Kanun, etkili bir şekilde uygulanırsa, Tarım ve Orman Bakanlığımız da arazi
toplulaştırma çalışmalarını tamamlarsa arazilerimizi daha verimli
kullanabiliriz. Öncelikle, 6,15 milyon hektara ulaştırılan toplulaştırma
çalışmalarının hızla bitirilmesi,
14,3 milyon hektara ulaştırılması
gerekmektedir.”
-“Verimli ovalar mutlak suretle
korunmalıdır”-
Bayraktar, gıda
güvencesi için toprağın olmazsa olmaz olduğunu, bu konuda toplumda bilinç
oluşturulması gerektiğini söyledi. Verimli ovaların mutlak suretle korunması
gerektiğini ifade eden Bayraktar, şunları kaydetti:
“Tarım
arazilerinin korunması konusunda çok hassas hareket etmemiz gerekir. Alternatif
marjinal araziler mevcutken verimli tarım arazilerini tarım dışı amaçlarla
kullanmak büyük savurganlıktır. Birinci sınıf sulamaya uygun tarım
arazilerimizin imara açılmasına asla izin vermemeli, bu araziler üzerine sanayi
tesisleri, şehirler kurmamalıyız. Turizm, madencilik, ulaştırma için verimli
tarım arazilerimizi kullanmamalıyız. Toprak Korumu Kurulları, çok etkin ve
verimli arazileri koruyacak şekilde çalıştırılmalıdır. Ziraat Odalarımızın
temsilcilerinin bu kurullarda görev yapması bir zorunluluk olmalı, bu husus
valilerin takdirine bırakılmamalıdır. 7 milyon hektar alanı bulunan 258 büyük
ovanın SİT alanı olarak ilan edilmesini olumlu buluyoruz. Belediyelerden tarım
arazilerinin korunmasında daha dikkatli olmalarını, imar planlarında buna
dikkat etmelerini, tarıma kaynak aktarmalarını bekliyoruz.

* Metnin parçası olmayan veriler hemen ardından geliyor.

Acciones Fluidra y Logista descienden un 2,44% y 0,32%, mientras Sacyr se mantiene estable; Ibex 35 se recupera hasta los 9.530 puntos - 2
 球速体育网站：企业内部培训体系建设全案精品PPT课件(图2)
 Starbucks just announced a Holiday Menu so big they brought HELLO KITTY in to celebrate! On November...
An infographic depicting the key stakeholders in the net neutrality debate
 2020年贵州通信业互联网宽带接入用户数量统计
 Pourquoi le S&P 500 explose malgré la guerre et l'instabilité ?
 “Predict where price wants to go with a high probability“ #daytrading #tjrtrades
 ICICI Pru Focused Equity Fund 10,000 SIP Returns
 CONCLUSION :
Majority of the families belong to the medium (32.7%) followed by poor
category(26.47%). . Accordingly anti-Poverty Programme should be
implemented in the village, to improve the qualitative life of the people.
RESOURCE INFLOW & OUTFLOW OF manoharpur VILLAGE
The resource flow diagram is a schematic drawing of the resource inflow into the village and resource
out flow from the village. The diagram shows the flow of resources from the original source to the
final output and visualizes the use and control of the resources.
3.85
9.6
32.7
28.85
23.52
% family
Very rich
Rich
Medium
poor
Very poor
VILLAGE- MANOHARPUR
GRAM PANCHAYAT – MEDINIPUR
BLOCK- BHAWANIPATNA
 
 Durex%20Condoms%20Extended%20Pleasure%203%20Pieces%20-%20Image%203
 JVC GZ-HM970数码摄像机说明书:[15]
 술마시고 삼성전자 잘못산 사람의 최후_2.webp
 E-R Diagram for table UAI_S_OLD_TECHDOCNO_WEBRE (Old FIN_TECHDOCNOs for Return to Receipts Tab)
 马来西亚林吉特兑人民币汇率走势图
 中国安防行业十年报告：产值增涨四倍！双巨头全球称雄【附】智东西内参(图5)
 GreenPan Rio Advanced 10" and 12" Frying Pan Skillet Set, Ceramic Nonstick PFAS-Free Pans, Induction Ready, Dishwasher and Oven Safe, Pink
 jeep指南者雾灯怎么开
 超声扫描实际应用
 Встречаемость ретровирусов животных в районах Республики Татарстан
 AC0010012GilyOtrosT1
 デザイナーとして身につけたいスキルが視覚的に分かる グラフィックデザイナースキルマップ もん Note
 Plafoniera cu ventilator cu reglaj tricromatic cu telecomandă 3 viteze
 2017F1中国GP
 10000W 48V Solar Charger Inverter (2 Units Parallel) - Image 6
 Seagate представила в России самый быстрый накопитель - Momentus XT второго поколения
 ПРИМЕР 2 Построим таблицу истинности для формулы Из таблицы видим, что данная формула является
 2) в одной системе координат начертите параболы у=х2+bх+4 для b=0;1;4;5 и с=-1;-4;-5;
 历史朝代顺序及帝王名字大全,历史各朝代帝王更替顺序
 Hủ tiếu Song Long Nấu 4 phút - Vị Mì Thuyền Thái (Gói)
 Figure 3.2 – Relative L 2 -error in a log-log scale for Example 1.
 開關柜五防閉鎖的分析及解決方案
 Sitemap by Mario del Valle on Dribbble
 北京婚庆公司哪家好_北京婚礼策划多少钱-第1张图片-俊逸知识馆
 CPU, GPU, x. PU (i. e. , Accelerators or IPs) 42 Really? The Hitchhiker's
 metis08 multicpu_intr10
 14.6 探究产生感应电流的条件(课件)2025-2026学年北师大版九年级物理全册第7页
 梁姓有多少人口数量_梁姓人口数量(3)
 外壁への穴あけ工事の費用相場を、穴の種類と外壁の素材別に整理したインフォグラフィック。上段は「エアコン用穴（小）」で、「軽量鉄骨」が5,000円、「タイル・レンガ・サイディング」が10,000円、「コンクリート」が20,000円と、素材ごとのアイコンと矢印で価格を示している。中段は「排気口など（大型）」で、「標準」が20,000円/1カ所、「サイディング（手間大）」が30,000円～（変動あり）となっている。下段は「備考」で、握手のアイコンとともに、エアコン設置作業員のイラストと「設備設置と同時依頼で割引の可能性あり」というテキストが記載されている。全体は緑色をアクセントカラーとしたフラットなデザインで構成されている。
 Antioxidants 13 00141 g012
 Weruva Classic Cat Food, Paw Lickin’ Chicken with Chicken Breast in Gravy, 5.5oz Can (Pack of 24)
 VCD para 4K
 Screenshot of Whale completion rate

Bir santimetre kalınlığındaki bir toprağın oluşabilmesi için yüz ile bin yıllık bir süreç gerektiğinden topraklarımızın bilinçli kullanılmasının ne kadar önemli olduğu unutulmamalıdır. Toprağımızın kıymetinin herkesçe çok iyi bilindiği, toprağı yönetenlerden kullanana kadar her kesimin ona saygı duyarak hareket edeceği günler temennisiyle Dünya Toprak Gününü kutluyorum.”